Just started reading the book ‘Getting things done’ by David Allen. There is always a quandary with these kind of books – I have loads of things to do, do I just get on and do them, or do I read a book which is going to help me to be more organised?
The last revolution in my organisation levels back in August of this year – and may I just say that it is a weakness of mine – was to use my emails differently. Instead of having an enormous inbox in Outlook, I created folders for active and relevant topics (this was at work), and then moved everything out of my inbox. Occasionally I flag emails rather than moving them, but this is bad practice as they linger for ages and never get done.

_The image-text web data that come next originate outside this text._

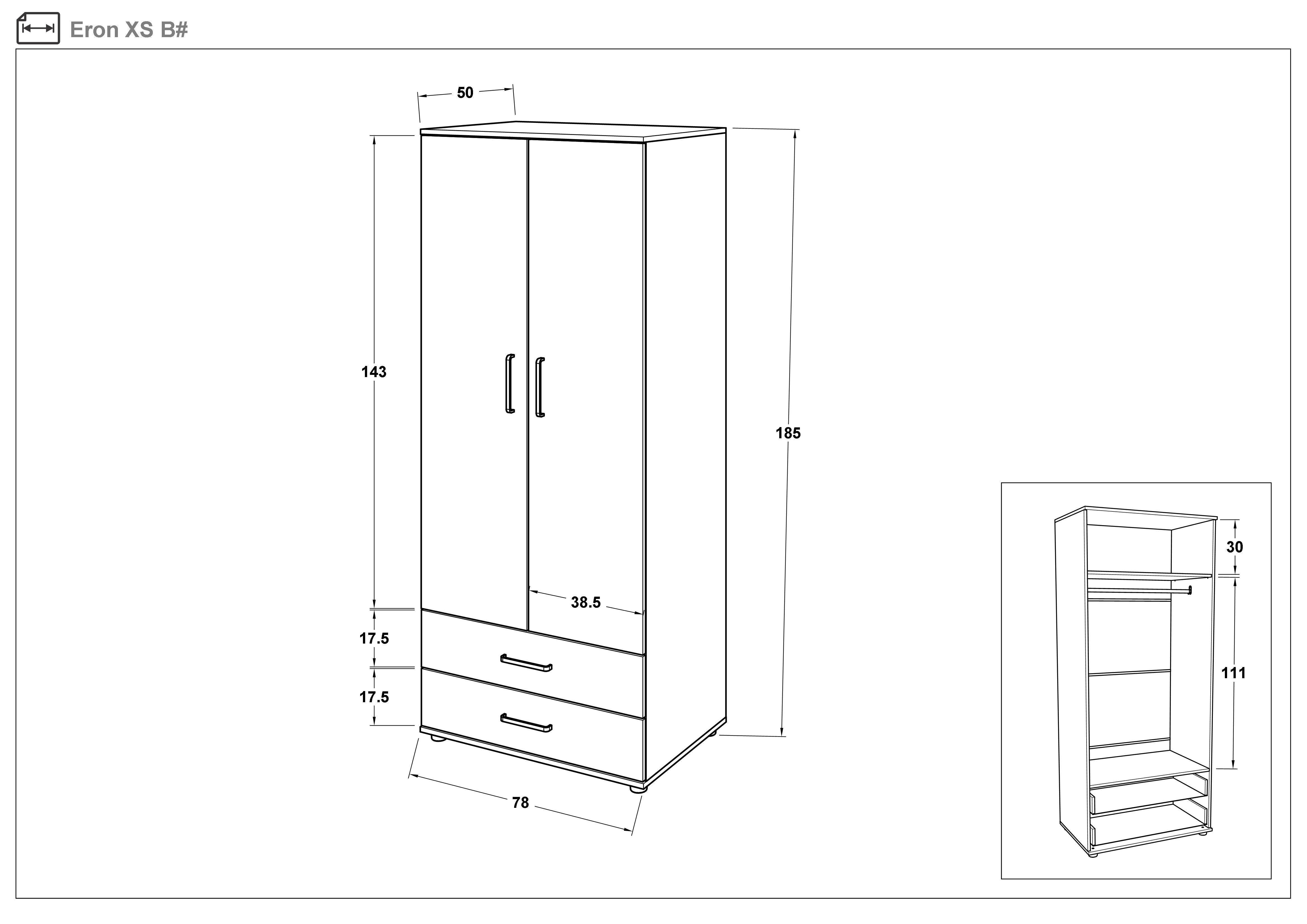 Set Bed Prista + wardrobe Eron XS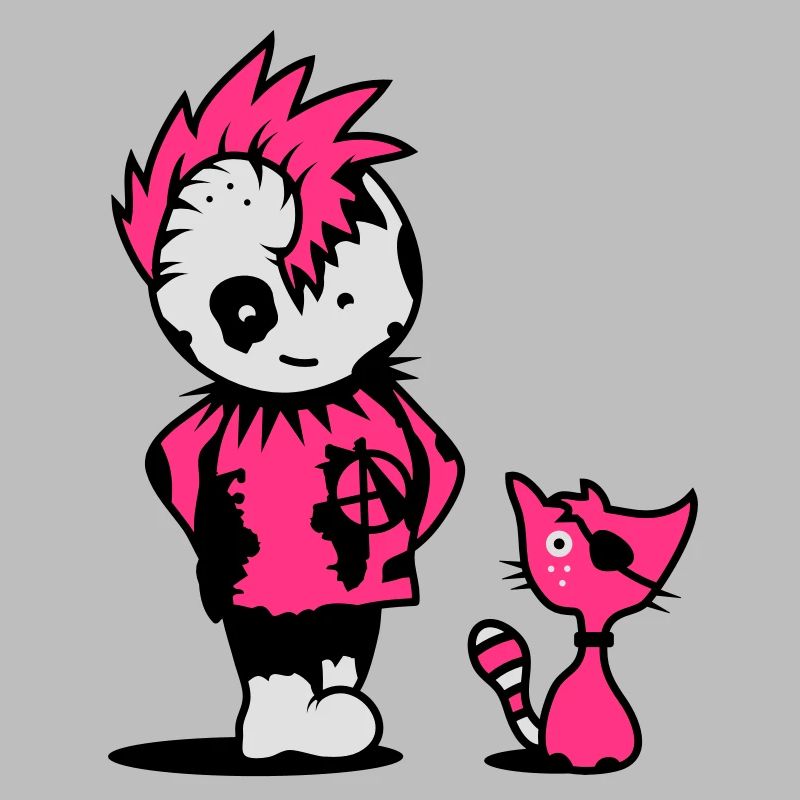 Ein kleiner Punk mit einer kleinen Katze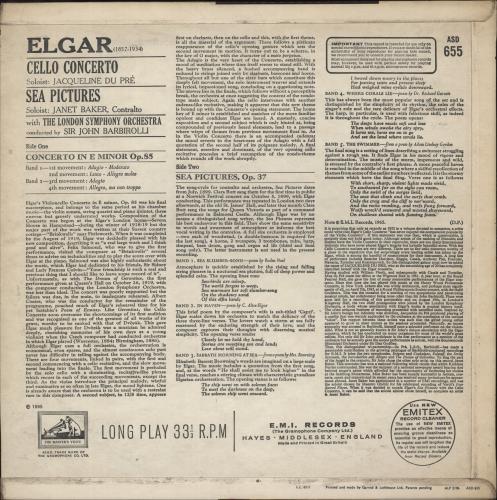 Edward Elgar Cello Concerto / Sea Pictures - 2nd vinyl LP album (LP record) UK EFDLPCE723488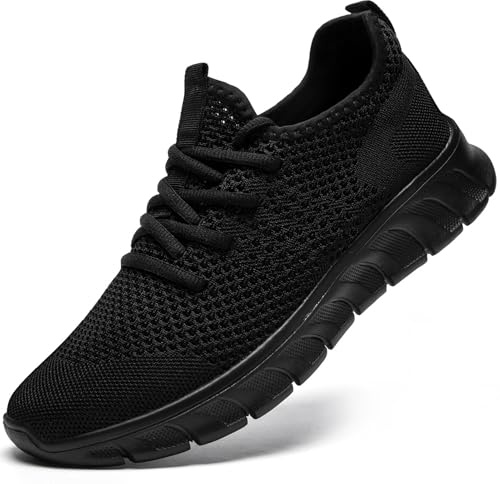 YRLTYO Mens Tennis Shoes Running Sneaker Slip On Walking Gym Workout Athletic Breathable Lightweight Jogging Casual Sport Shoes Black Size 10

Now when someone says to me: ‘I sent an email out about that’ I can find it within seconds, and sort it. It has changed my life.
I’m hoping to find similar small but significant life-changing assistance through this book. I like the fact that the title on the front is really big and matter-of-fact. It jumped out on the shelf at Waterstones – possibly because there were several copies of it on different rows under ‘Management’.
This two-minute rule – I am testing it now to see if I can write a blogpost in two minutes. The typing is okay – but it’s coming up with images that takes the time. I can get away with it if I just use a cover of the book. I am not advocating you buy this book, as I haven’t read it all yet. The bit I have leafed through on chapter 6, getting ‘in’ to empty, is relevant to me, except that due to the fact I have never managed to ’empty’ in-trays I have not functioned with them for some years. Perhaps an in-tray is the way forward. Probably, my email inbox is my intray in reality.
Any advice gratefully received. (I think this took three minutes – too many different covers for Allen’s book!)